He hasn’t seen Viktor train on his own, not in earnest. Viktor is conscientious of Yuri’s time. He makes sure their schedules don’t overlap beyond the group training they all do once a week, under Yakov’s thunderous attention. He makes sure, too, that only one of their off-ice training days coincides. They’d discussed all this at length over Skype, while Yuri finalized his move to St Petersburg. Yuri had gotten what he wanted, more or less.

Viktor mostly does it out of concern for him. He’d never had a coach’s full attention before his year with Viktor; his parents just couldn’t afford it. Celestino had five senior skaters, sometimes six. Having a coach focused on him and _only_ him had been thrilling, and not just because the coach was Viktor. Now Viktor’s focus is, necessarily, split in a way that no one else has ever tried before.

And Yuri _worries_.

So Viktor trains before the sun comes up, dressing in the dark, mostly silent and mostly without complaint. He always leaves a note, and he’s always back before Yuri returns from the gym.

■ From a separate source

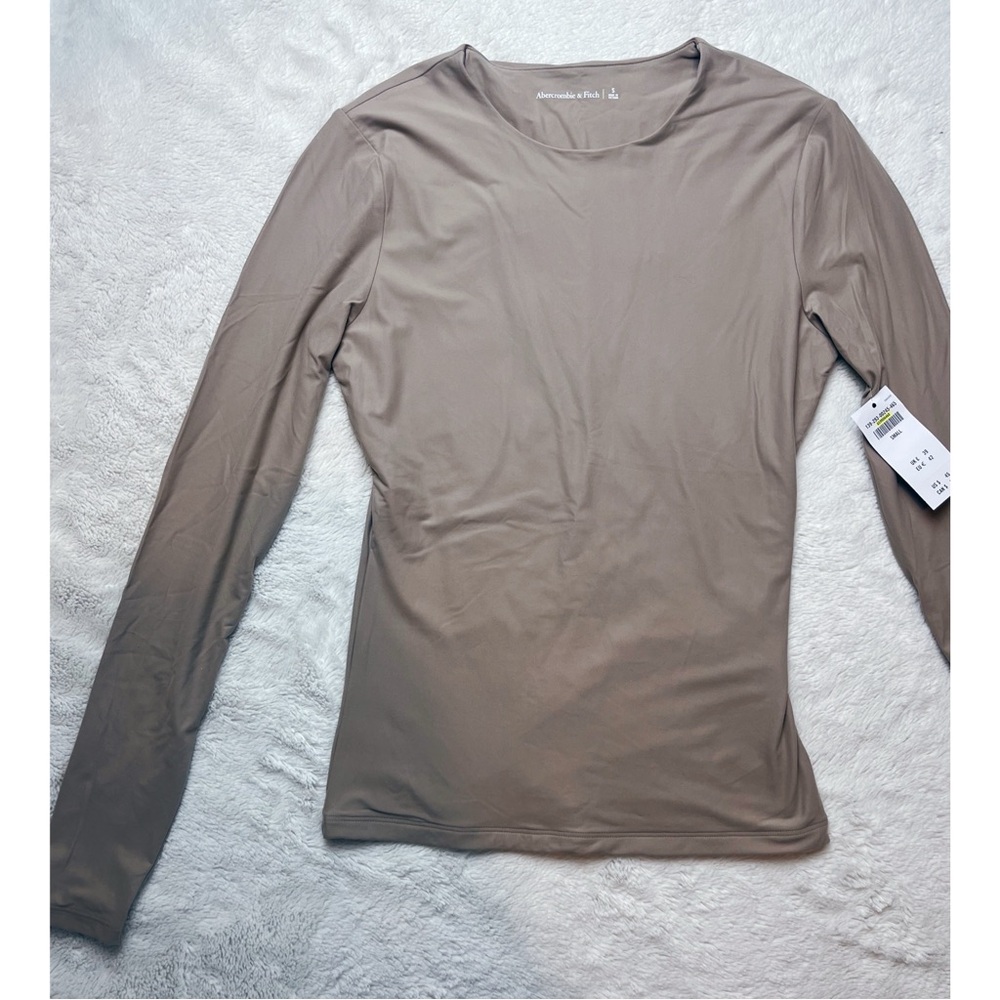 A&F | Seamless Long Sleeve Top - Picture 7 of 10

But Yuri is also coming to realize there’s another reason behind Viktor’s careful orchestration of their schedules: he does not _do_ distractions, not when it comes to his own skating.

On a grey day in April, he catches one of Viktor’s practices, and it drives this point home.  Viktor’s eyes hold no trace of their customary warmth, not the fierce blaze of competition or the steadier, softer flame that Yuri has come to know so well. It’s like watching a being with Viktor’s face, hunting some invisible prey. Yuri is reminded of his earlier not-quite-human view of him, and shivers.

Viktor skates past him four times, intent on a step sequence, without even noticing him waving.

“I bet that _stings_ , doesn’t it?” Yurio asks, lacing up his skates. “Try not to cry too much.”

“Huh?”

“Get used to it,” Yurio says. “You could set a bomb off in here and Viktor wouldn’t notice.” He removes the guards from his blades. “You get him when the ice is done with him, just like everybody else.”

 “Uh...I just...wanted...”

Yurio doesn’t let him finish. With a quirk of his mouth, he darts out onto the ice, right into Viktor’s path. Yuri cries out, anticipating a crash, but Viktor stops with heart-stuttering speed, in a spray of ice, inches from where Yurio stands. Yuri’s grasp of Russian consists of a handful of words related to dogs and food, but he recognizes an expletive when he hears one. In the distance, Yakov yells.

“Did you order take out?” Yurio asks.  
  
Viktor blinks, clearly not expecting English. “What?”

“Katsudon.” Yurio juts his chin towards the boards. “Go be distracting somewhere else. You’re fifteen minutes over, anyway.” 

Viktor stares blankly, like he doesn’t understand what he’s looking at. Then, like a flood of light, he sees him and smiles, and he’s Yuri’s Viktor again. “Yuri! Hi! I lost track of time.”

“That’s okay.”

He grins, raking the sweaty hair back from his eyes. “I have to let Yakov yell at me for a few minutes. But we...oh, wait!” He collars Yurio, who lets out a squawk. “He’s wearing the t-shirt Yuko bought for his birthday, didn’t you see? Take a picture!” Yuri recognizes the tiger stripes, now that he looks.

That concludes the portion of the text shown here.